An alternative to page swapping is segment swapping, but it is generally much less efficient given that segments are usually larger than pages.
Segmentation of memory is a method of allocating multiple chunks of memory (per task) for different purposes and allowing those chunks to be protected from each other. In Linux a task's code, data, and stack sections are all mapped to a single segment of memory.
The 32-bit processors do not have a mode bit for disabling
segmentation, but the same effect can be achieved by mapping the
stack, code, and data spaces to the same range of linear addresses.
The 32-bit offsets used by 32-bit processor instructions can cover a
four-gigabyte linear address space.
Aditionally, the Intel documentation states:
A flat model without paging minimally requires a GDT with one code and
one data segment descriptor. A null descriptor in the first GDT entry
is also required. A flat model with paging may provide code and data
descriptors for supervisor mode and another set of code and data
descriptors for user mode
This is the reason for having a one pair of CS/DS for kernel privilege execution (ring 0), and one pair of CS/DS for user privilege execution (ring 3).
Summary: Segmentation provides a means to isolate and protect sections of memory. Paging provides a means to allocate more memory that what is physically available.
Windows uses the fs segment for local thread storage.
Therefore, wine has to use it, and the linux kernel needs to support it.
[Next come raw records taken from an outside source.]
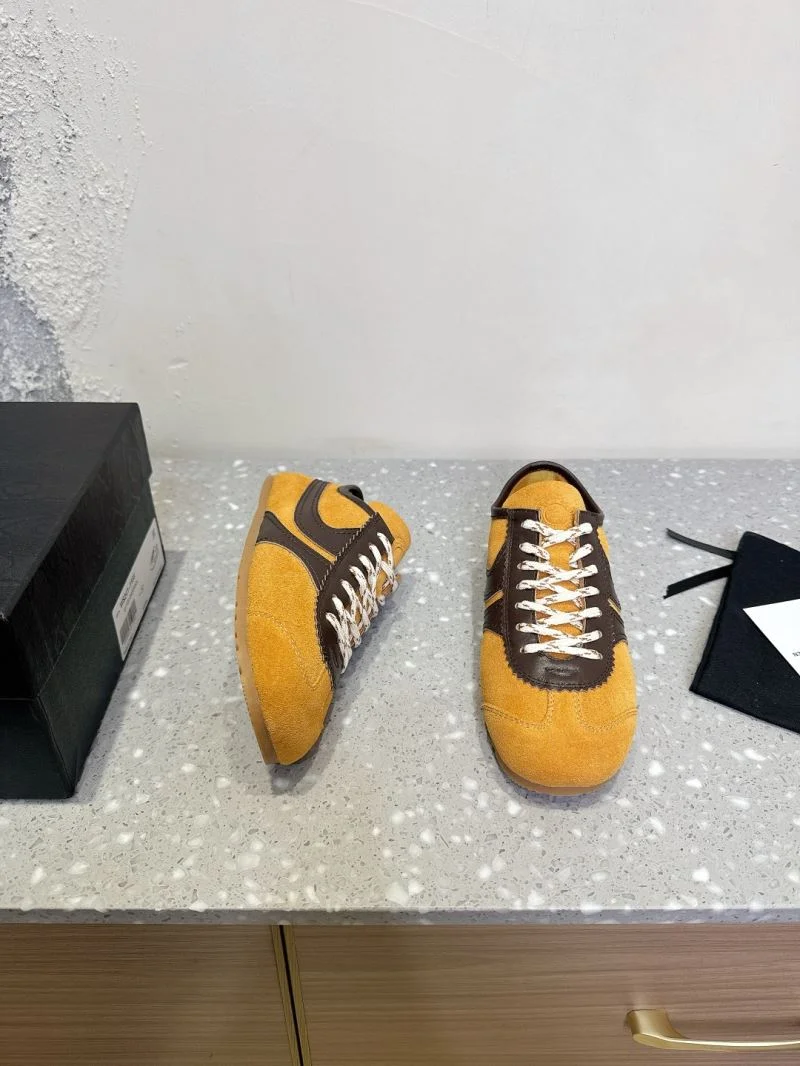 Dries Van Noten Shoes Cozy 12533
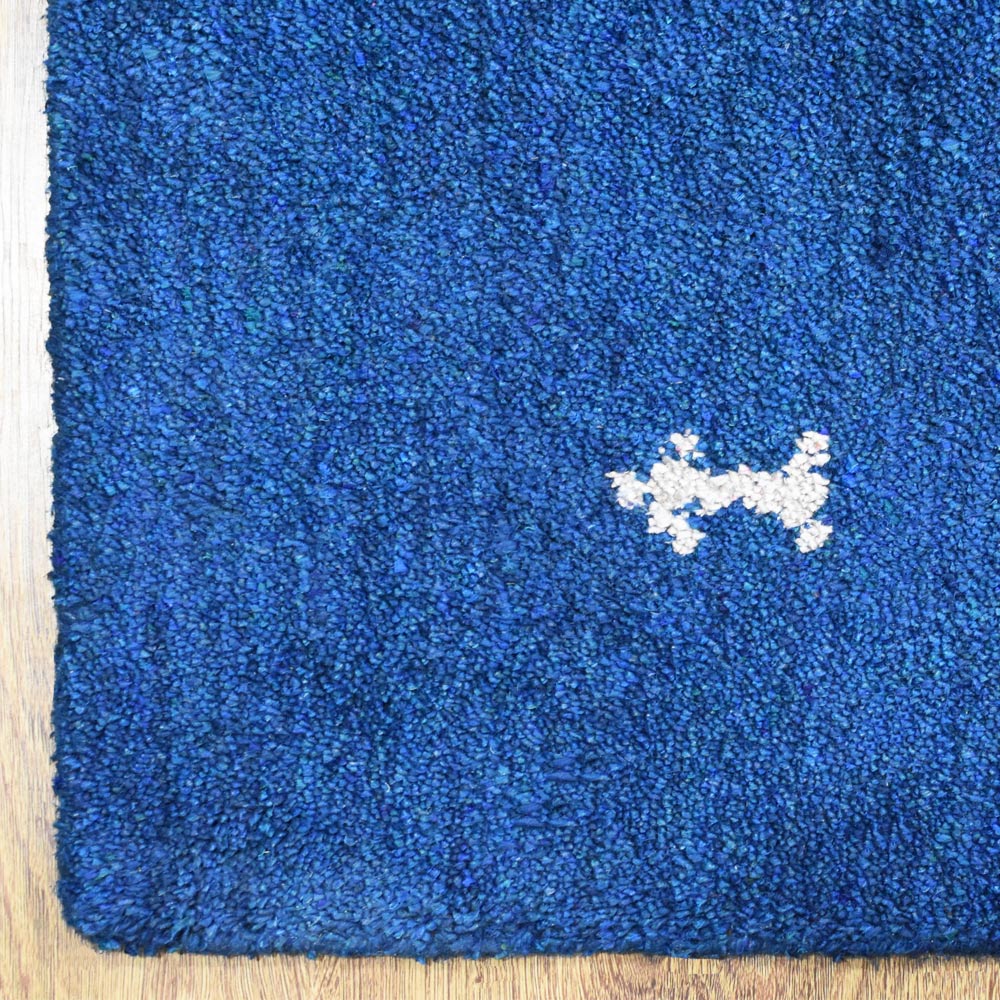 Enid Hand Knotted Silk & Wool Area Rug - BBH HOMES LLC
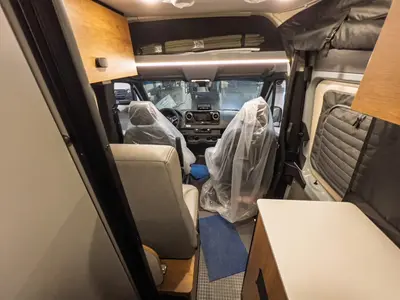 2027 Winnebago Revel photo 5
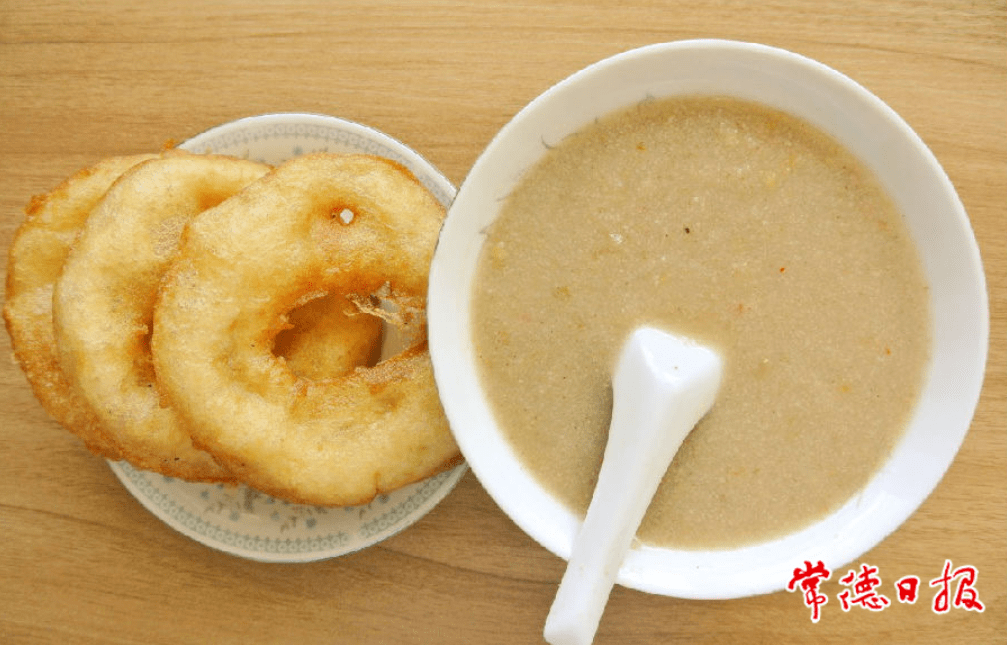 跑完马拉松→尝尝这些令人心动的常德美食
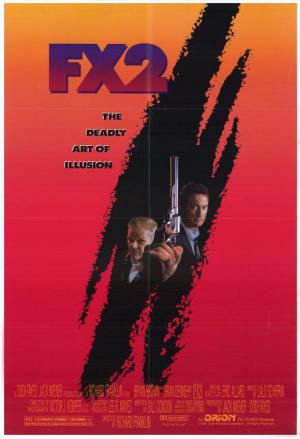 F/X (1986) - IMDb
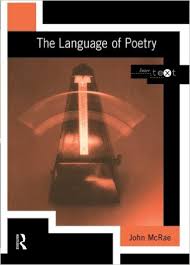 The Language of Poetry (Intertext Series) The Language of Poetry (Intertext Series)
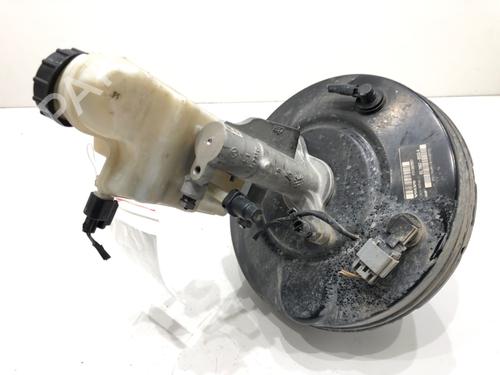 Servo brake VOLVO V40 Hatchback (525) D2 | BP39279683M42 - Image 4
Modern operating systems (i.e. Linux, other Unixen, Windows NT, etc.) do not use the segmentation facility provided by the x86 processor. Instead, they use a flat 32 bit memory model. Each user mode process has it's own 32 bit virtual address space.
(Naturally the widths are expanded to 64 bits on x86_64 systems)
Intel first added segmentation on the 80286, and then paging on the 80386. Unix-like OSes typically use paging for virtual memory.
Anyway, since paging on x86 didn't support execute permissions until recently, OpenWall Linux used segmentation to provide non-executable stack regions, i.e. it set the code segment limit to a lower value than the other segment's limits, and did some emulation to support trampolines on the stack.